Gramofondan yükselen hüzünlü bir şarkı! “Radyo Netses”

netses

Gramofondan yükselen hüzünlü bir şarkı! “Radyo Netses”

“Gurbetin kahrından bıktım usandım/Üzgünüm bu ellerde gülemedim ben/Herkesi dost sandım yazık aldandım/ Derdime bir çare bulamadım ben!” www.radyonetses.com adresine girdiğinizde sizi karşılayan bu hüzünlü şarkı biraz sonra okuyacağınız yaşam öyküsünün özetidir aslında! Ahmet Nayır, ünlü Galata semtimizin nişanı olarak kabul edilen Galata Kulesi’nin çok yakınında 1961 yılından bugüne artık kaybolmaya yüz tutmuş bir mesleğin ustasıdır. Pikap ve gramofon olmak üzere antik birçok cihazın tamirinin yapıldığı ve kendisi de antik olan bu tamir atölyesi hakkında sayısız haber çıkmıştır. Ama hiç biri Ahmet Nayır’ın son bir kaç yıldır yüreğinde büyüttüğü isyana tercüman olamamıştır.
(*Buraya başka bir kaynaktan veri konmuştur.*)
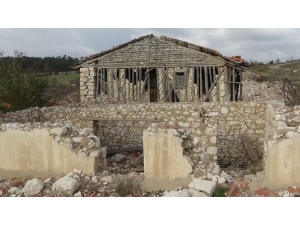 İstimlak Edilen Köyde Yıkım Çalışmaları Başladı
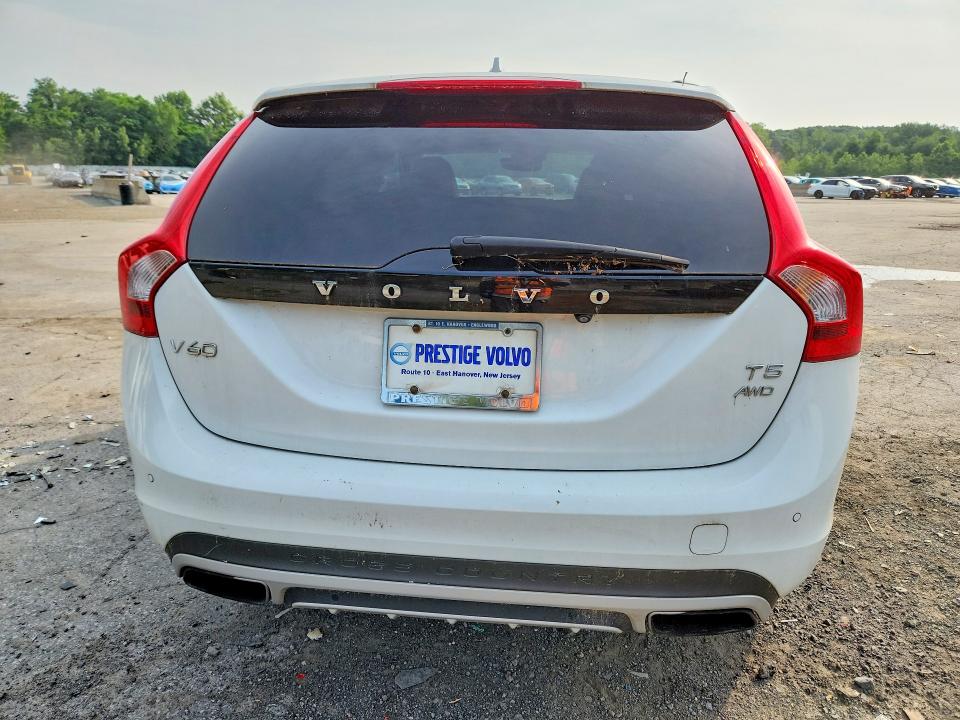 2016 Volvo V60 Cross Country მანქანა იყიდება აუქციონზე, vin: YV4612HK5G1008606, აუქციონის ნომერი: 61044216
Ahmet Bey ve ona destek olan oğlu Cem Nayır, Issız Adam filminden sonra popülaritesi artan, özellikle de üniversitelerdeki birçok hocanın öğrencilerini araştırmaları ve tanımaları için yönlendirdiği bu şirin tamir atölyesini kaybetme tehlikesi ile karşı karşıya! “Gurbetin kahrından bıktım usandım/Üzgünüm bu ellerde gülemedim ben/Herkesi dost sandım yazık aldandım/ Derdime bir çare bulamadım ben!” www.radyonetses.com adresine girdiğinizde sizi karşılayan bu hüzünlü şarkı biraz sonra okuyacağınız yaşam öyküsünün özetidir aslında! Ahmet Nayır, ünlü Galata semtimizin nişanı olarak kabul edilen Galata Kulesi’nin çok yakınında 1961 yılından bugüne artık kaybolmaya yüz tutmuş bir mesleğin ustasıdır. Pikap ve gramofon olmak üzere antik birçok cihazın tamirinin yapıldığı ve kendisi de antik olan bu tamir atölyesi hakkında sayısız haber çıkmıştır. Ama hiç biri Ahmet Nayır’ın son bir kaç yıldır yüreğinde büyüttüğü isyana tercüman olamamıştır. Ahmet Bey ve ona destek olan oğlu Cem Nayır, Issız Adam filminden sonra popülaritesi artan, özellikle de üniversitelerdeki birçok hocanın öğrencilerini araştırmaları ve tanımaları için yönlendirdiği bu şirin tamir atölyesini kaybetme tehlikesi ile karşı karşıya!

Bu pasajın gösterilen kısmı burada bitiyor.